## Assigned task:
All the lines below should be set down exactly, with no picture carried into the copy.
==== Data ====
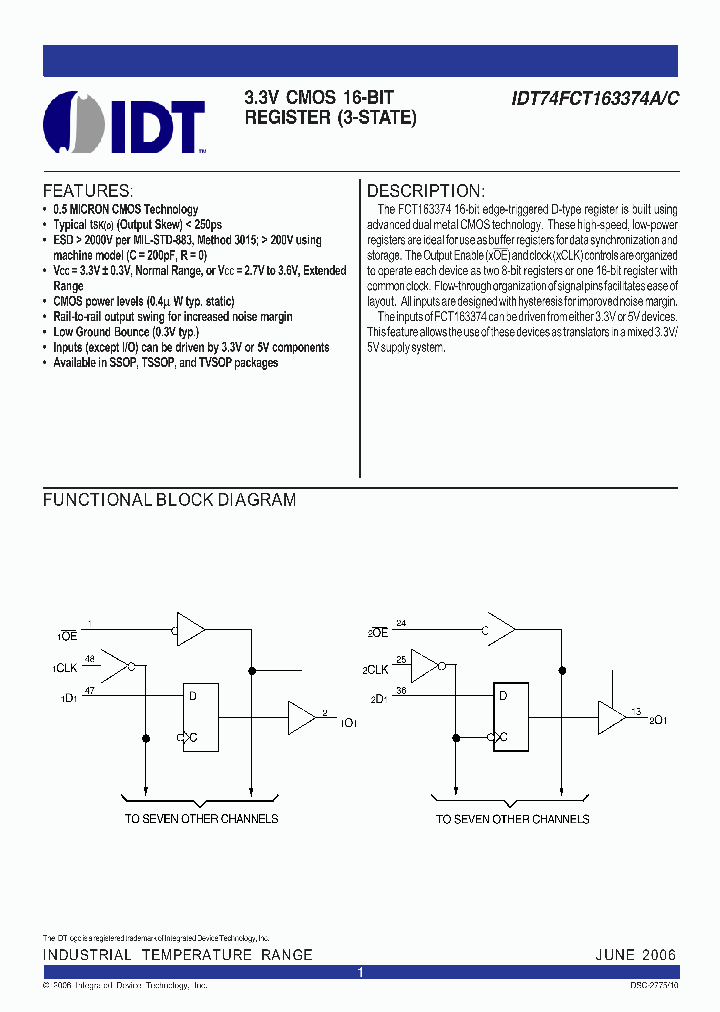 IDT74FCT163374CPA_1048668.PDF Datasheet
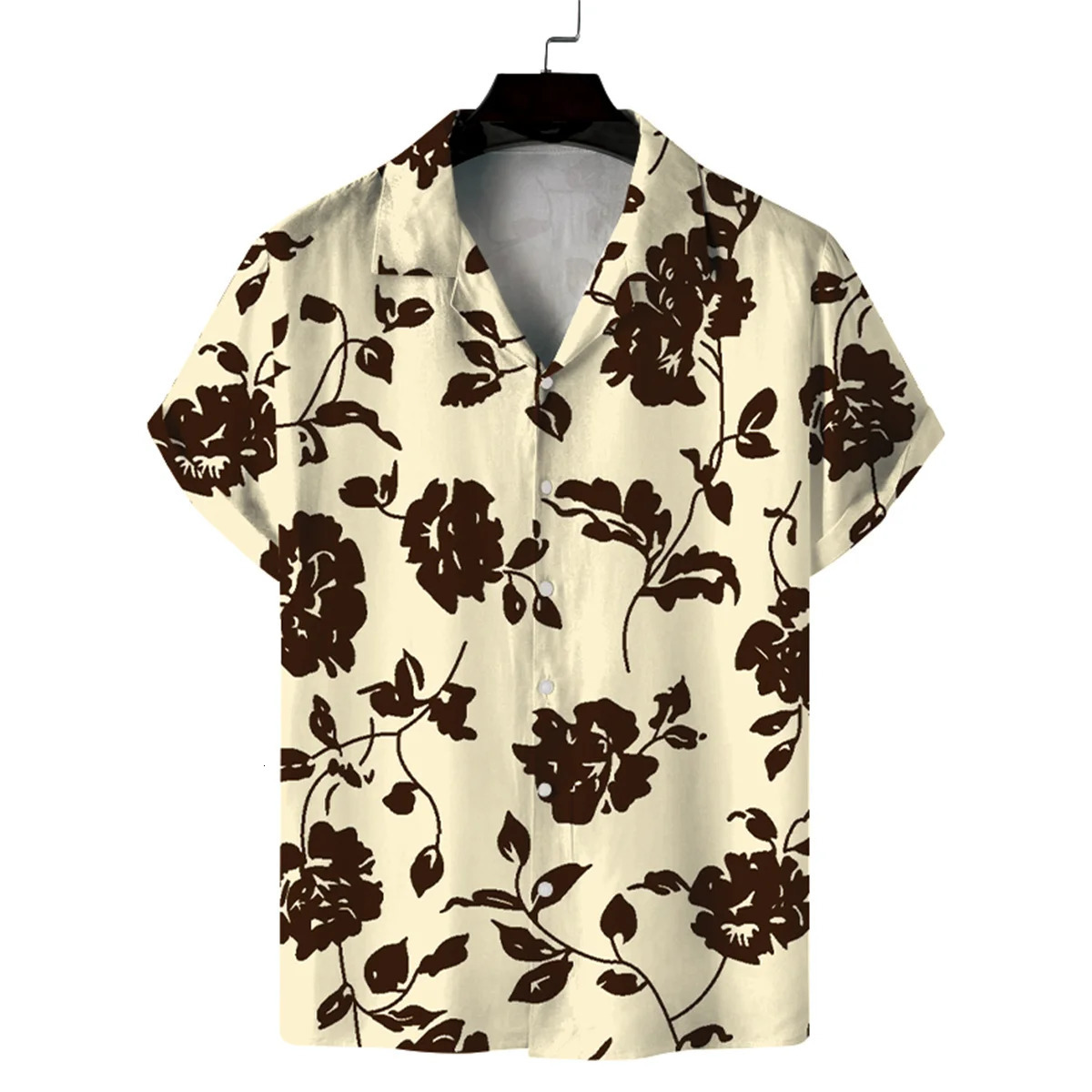 Mens leisure fashion Hawaiian shirt mens short sleeve personalized printed Cuban collar 250807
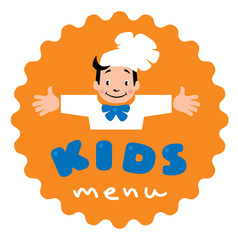 Sticker for Kids Menu with funny cook boy and logo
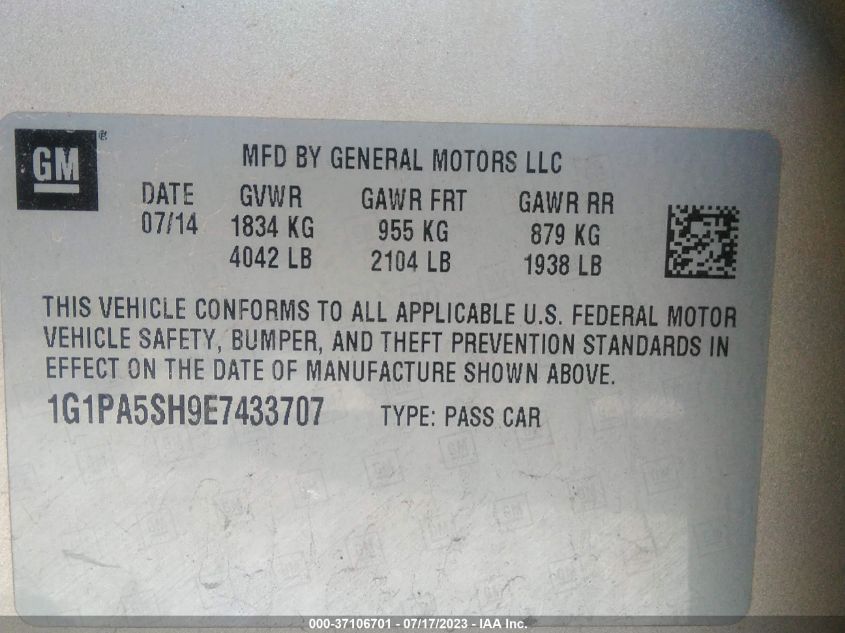 2014 CHEVROLET CRUZE LS - 1G1PA5SH9E7433707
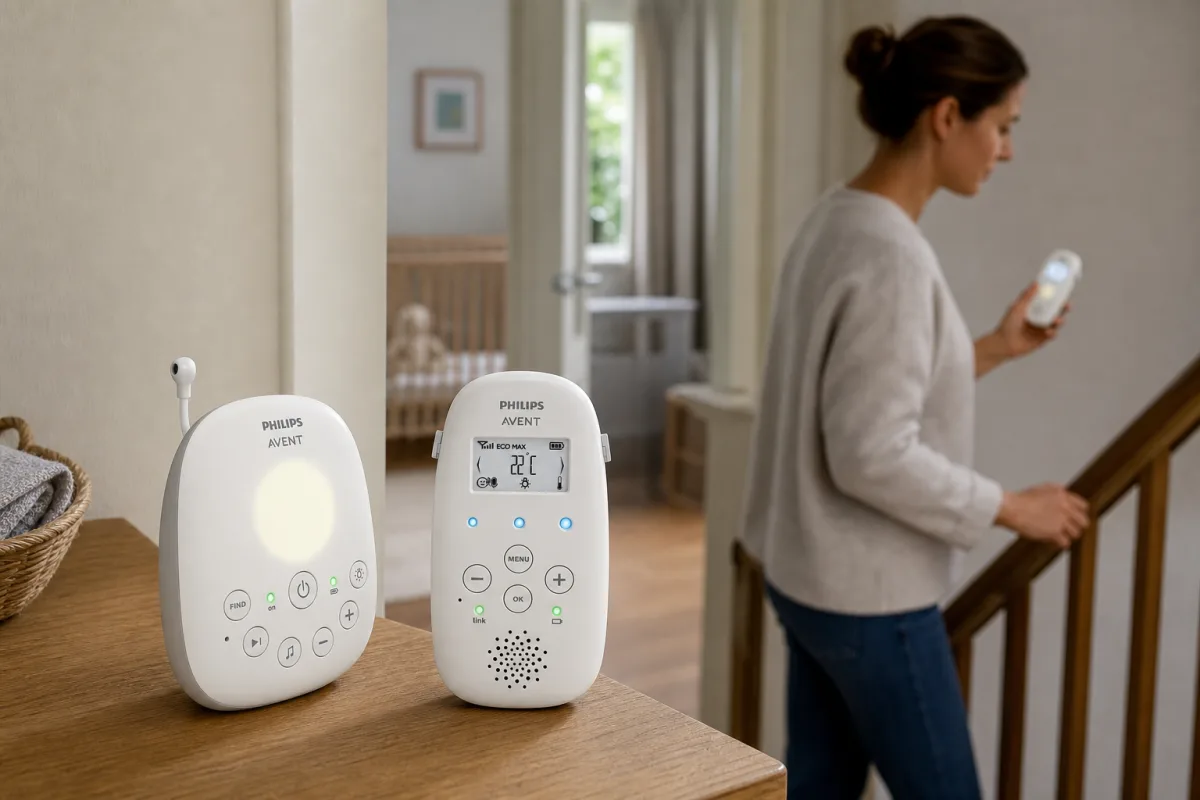 L'unité parents rechargeable se transporte avec son clip ceinture et signale la connexion par LED.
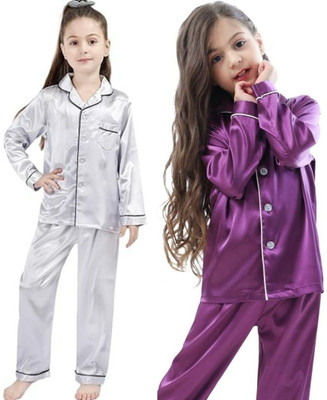 Vdc Creation Hub Kids Nightwear Baby Boys & Baby Girls Solid Pure Satin(Multicolor Pack of 2)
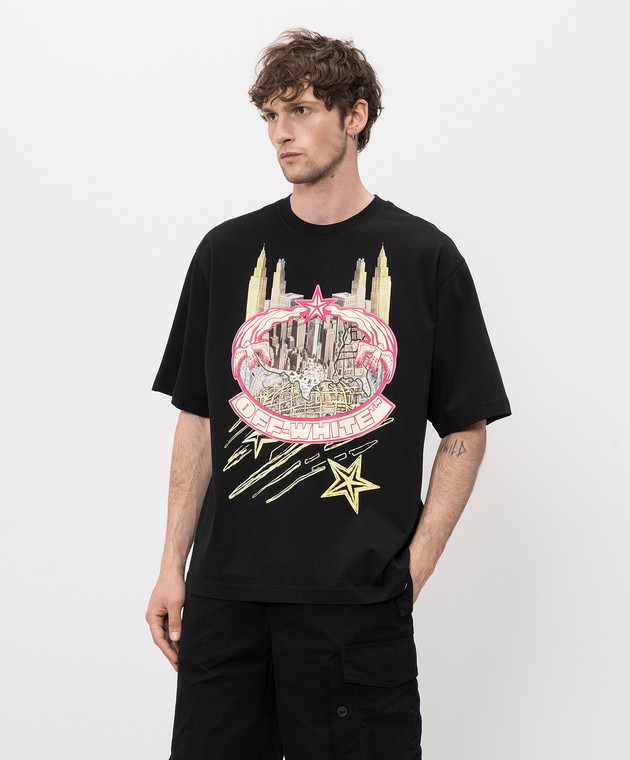 Off-White Чорна футболка Big Frame World 44MAA120Z26J002 зображення 3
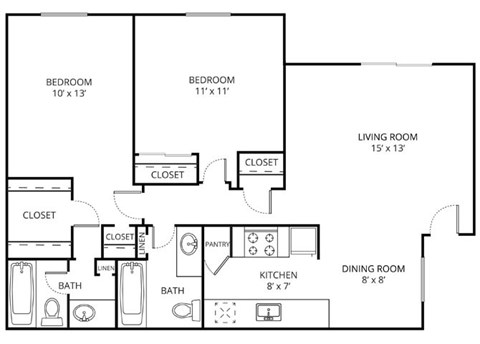 Sherwood Floor Plan 2 Beds 2 Baths Sq. Ft. 891 at Forest Glen, Garland, TX, 75042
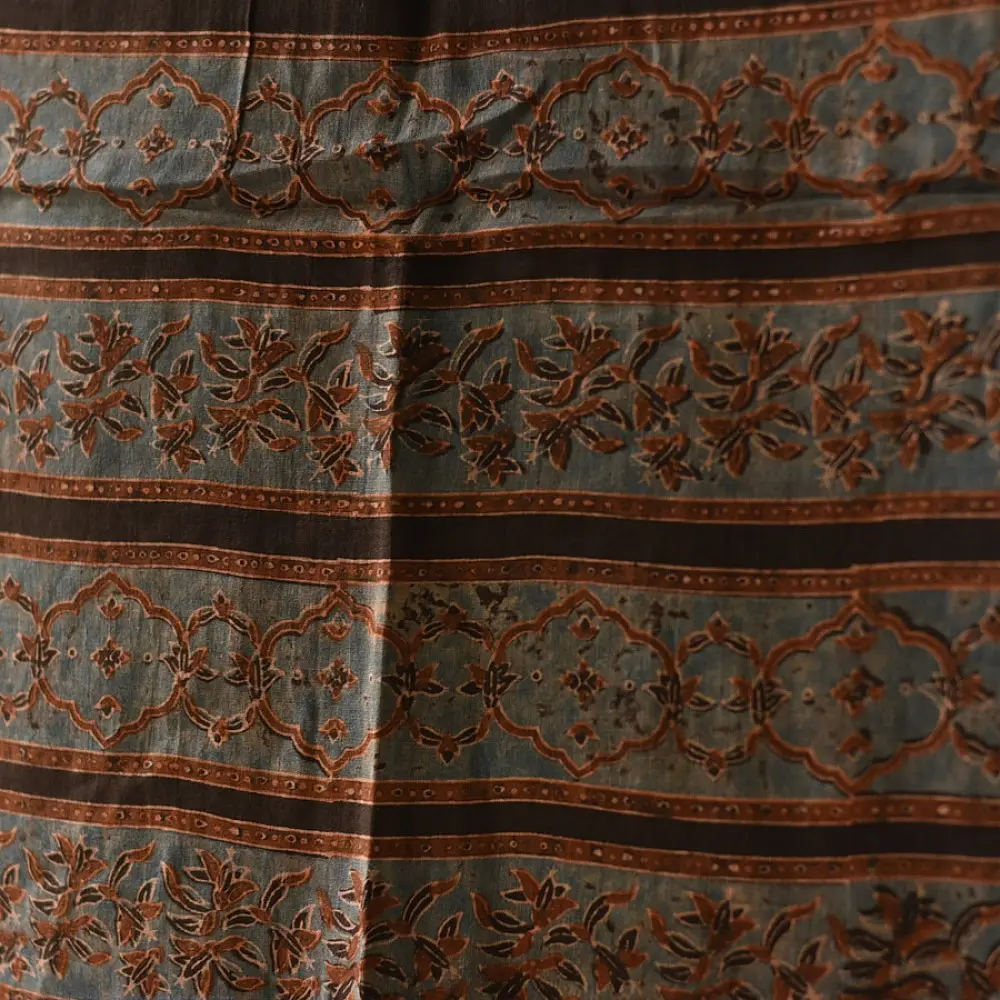 Authentic Ajrakh cotton dupatta with intricate artisan block printing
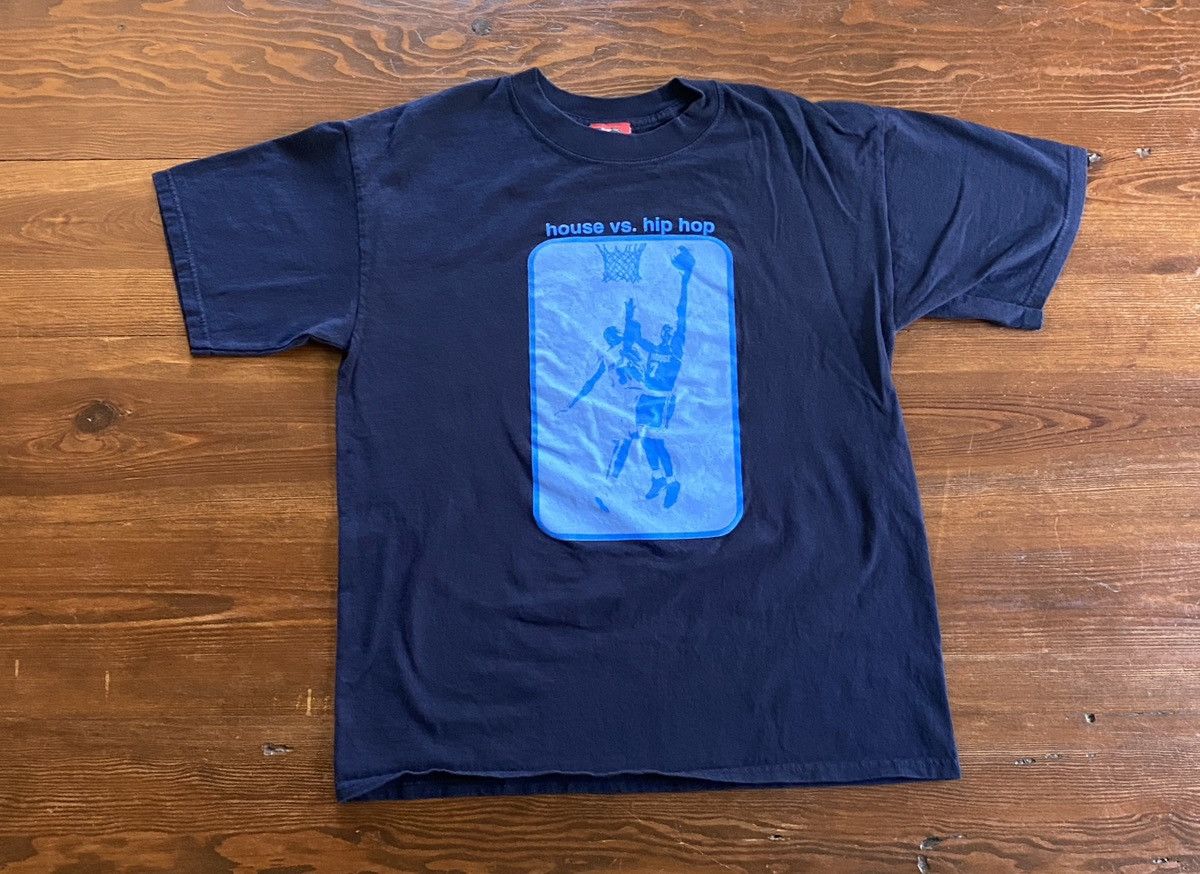 image of Made In USA x Rap Tees Vintage 90’S Nervous Records House Vs Hip Hop Basketball Tee in Navy/Blue (S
====
## Result below:
 IDT74FCT163374CPA_1048668.PDF Datasheet
 Mens leisure fashion Hawaiian shirt mens short sleeve personalized printed Cuban collar 250807
 Sticker for Kids Menu with funny cook boy and logo
 2014 CHEVROLET CRUZE LS - 1G1PA5SH9E7433707
 L'unité parents rechargeable se transporte avec son clip ceinture et signale la connexion par LED.
 Vdc Creation Hub Kids Nightwear Baby Boys & Baby Girls Solid Pure Satin(Multicolor Pack of 2)
 Off-White Чорна футболка Big Frame World 44MAA120Z26J002 зображення 3
 Sherwood Floor Plan 2 Beds 2 Baths Sq. Ft. 891 at Forest Glen, Garland, TX, 75042
 Authentic Ajrakh cotton dupatta with intricate artisan block printing
 image of Made In USA x Rap Tees Vintage 90’S Nervous Records House Vs Hip Hop Basketball Tee in Navy/Blue (S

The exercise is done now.